Granted, I have over 50 people on my team, so it’s not that hard to absorb all this. Much harder if you have a couple three.
I used to work for a company that had operations in Europe and the US. The difference in approach to handling extended absences was stark. In Europe a six month absence for parental leave was covered by a whole organization of 50-100 people (say all of Finance or Marketing). But in the US the immediate manager with 3-10 people had to figure it out.
It was treated as an opportunity for cross-training, development and succession planning in one side of the pond, but as a disaster mitigation exercise on the other.

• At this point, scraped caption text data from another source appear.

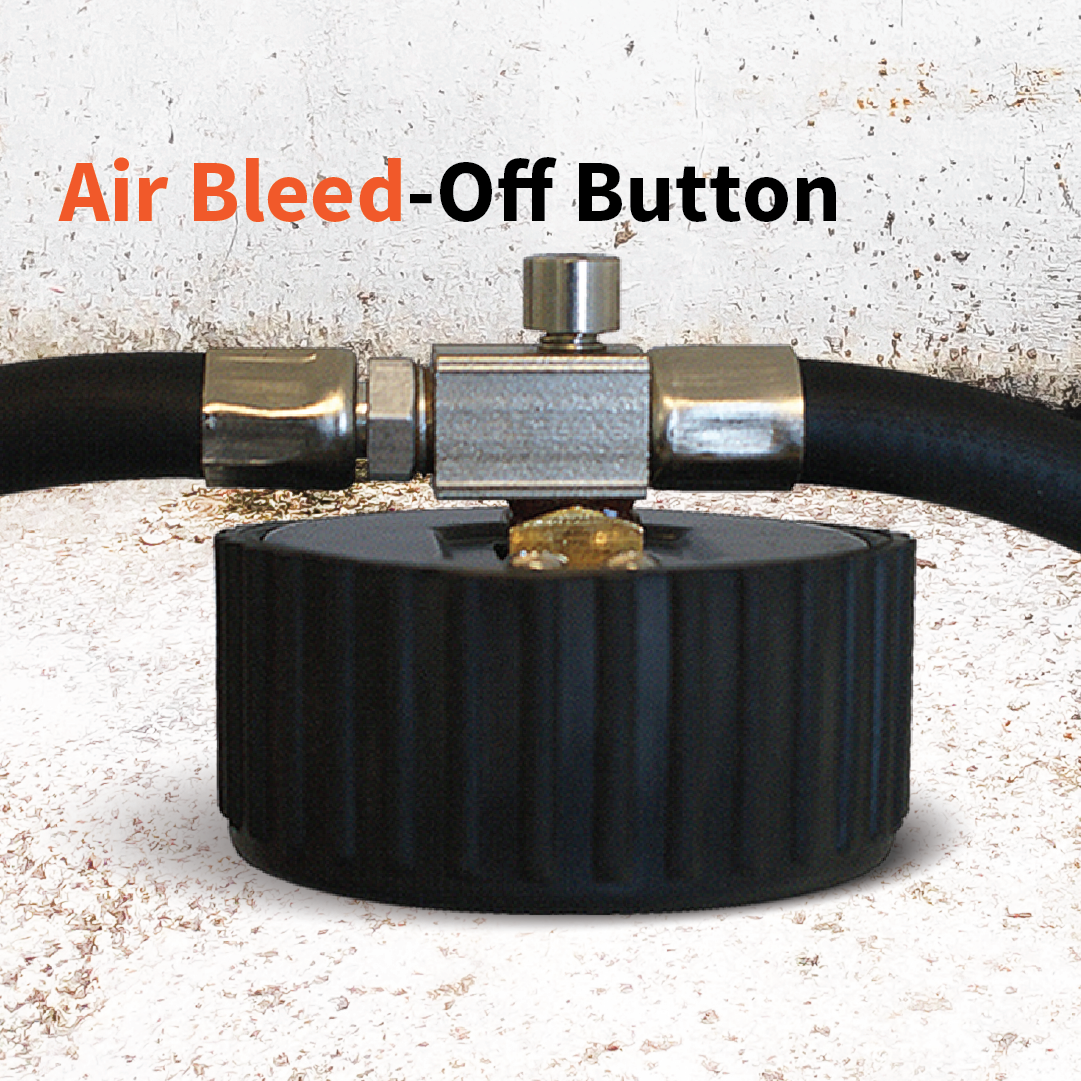 Close-up of the air bleed-off button on the robust black hose connector of the Ammo Box Air Compressor by Dr Air. The textured black knob at the base evokes a heavy-duty ammo housing design. Set against a speckled white background, "Air Bleed-Off Button" is prominently displayed in bold red and black text above, showcasing its military-grade reliability.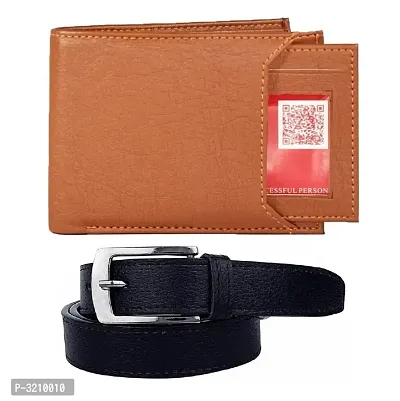 2 in 1 Leather rite Slider Wallet and Belt Gift Set Combo (Tan  Black)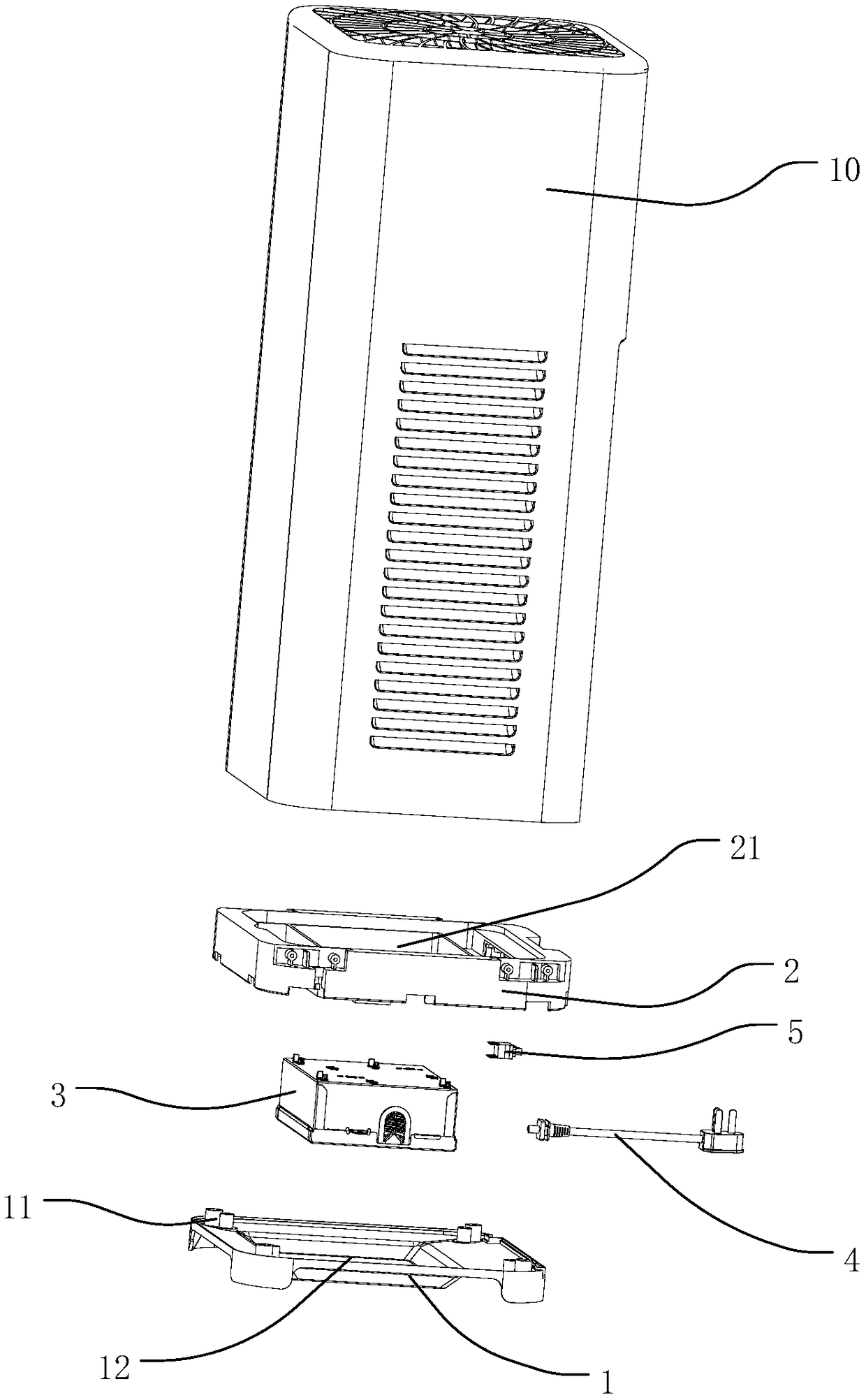 Base assembly of electric appliance and air purifier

Yes, that’s one of those dreaded “woke” DSI programs. Employers have to collect stats on who they hire, including minority status, disability, and military service. National Guard status is part of it.
If I wasn’t a government employee I doubt I would have been able to stay in the Guard until retirement. My job never gave me any problems while I was out for military duty and most of the time I double dipped. I had a lot of troops who left because it was too difficult to balance both jobs. There are many ways an employer can make things difficult that still meet the letter of the law.
I’m fortunate in that I work for a fairly decent employer, and we don’t give any employee a hard time for doing their civic duties including military service, jury duty, etc., etc. We do pay employees who go on inactive duty (Guard) if they make less doing that than they do with us, but when they go active duty we don’t pay anything. A lot of companies that violate USERRA do so on accident, but there are others who are just jerks and either don’t care or just hope they’re not caught.
In New Jersey there is a law that all state, county and municipal employees must be paid (double dip) for 90 working days per calendar year for military duty with the Guard and 30 days for Reserves. My town also passed an ordinance to make up the difference in pay for any days not covered in the 90.
Not guardsmen specifically, but hiring ex-military employees implies a certain minimum standard of literacy, ability to shine shoes, adapt to unusual hours and so on. And many military personnel prefer to stay on TriCare rather than enroll in employer health plans. That can be a huge saving for small employers (IIRC, TriCare functions as a secondary payer for military personnel who work for employers with more than 20 employees and who provide health insurance).